Not long after, I was walking along Istanbul’s Land Walls with a colleague, interviewing residents for our project “Plural Heritages of Istanbul.” We asked our interviewees to walk us through their neighborhood and talk about specific locations or heritage important to them, with the intention to find out about their relationships with their surrounding heritage. At the end of our walking ethnographies with residents, we were astonished to learn about the diverse uses of the Walls. Over a period of decades, the Walls had become a significant aspect in the lives of residents. While some shared childhood memories of exploring the Walls’ spaces, climbing on them, gathering with friends, and playing games in the Walls’ spaces, others reported having picnics, growing vegetables, and even keeping pigeons around them. Yet another resident used the Walls’ interior spaces as a workshop for producing carpentry products. For some, they represented “home.” Perhaps most importantly, by listening to the residents’ stories and memories, we learned first-hand what really happened along the Walls, how the politics of nation-building and later neoliberal approaches to urban renewal were impacting the lives of people living in neighborhoods along the Walls. A recurrent theme that emerged from our interviews, therefore, was loss: the loss of a multicultural past, neighborliness, solidarity, and a sense of safety. That’s why, in ending my blog post, I would like to quote one of our participants, Hatice, who emphasized the significance of giving voice to ordinary people, to anyone in a locality, including outcasts such as drug addicts or criminals since they have lives and experiences too, during our closing conference at ANAMED and in her afterword for a book published on the project:

“Our conversations helped us to remember so many memories that we had half-forgotten. Getting to know new people [the other participants], listening to their stories… this was precious to us. They spoke the same language, saw the same Walls, and although some had different feelings, most of them shared common emotions that we found in our own memories. We realized that the past has never been an obstacle to the future for people like us who grew up with neighborhood culture and who still live in our neighborhoods. Although changes to the urban environment cause many things to be lost, there are also good works that give hope in our country. For example, what a privilege it is to be living next to the only surviving palace of Byzantium, to be able to follow its restoration works—a building connected to the Walls that we walked around in our childhood was a Byzantine Palace!”(2)

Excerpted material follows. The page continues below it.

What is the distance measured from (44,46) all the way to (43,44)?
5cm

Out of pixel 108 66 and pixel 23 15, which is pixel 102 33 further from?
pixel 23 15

Fig. 4. Members of the project team “Plural Heritages of Istanbul” (Chris Whitehead (far right), Gönül Bozoğlu (second from right), and the author (left)) with participants Hatice (in black), her husband Yücel (taking the selfie) and Birol (standing behind Hatice) during the closing event of the project at ANAMED (photo: Yücel Demirbiçer).


  • (1) For more information on Earth Markets visit
  • (2) Christopher Whitehead, Tom Schofield and Gönül Bozoğlu. Plural Heritages and Community: Co-production: Designing, Walking, and Remembering (NY: Routledge, 2021).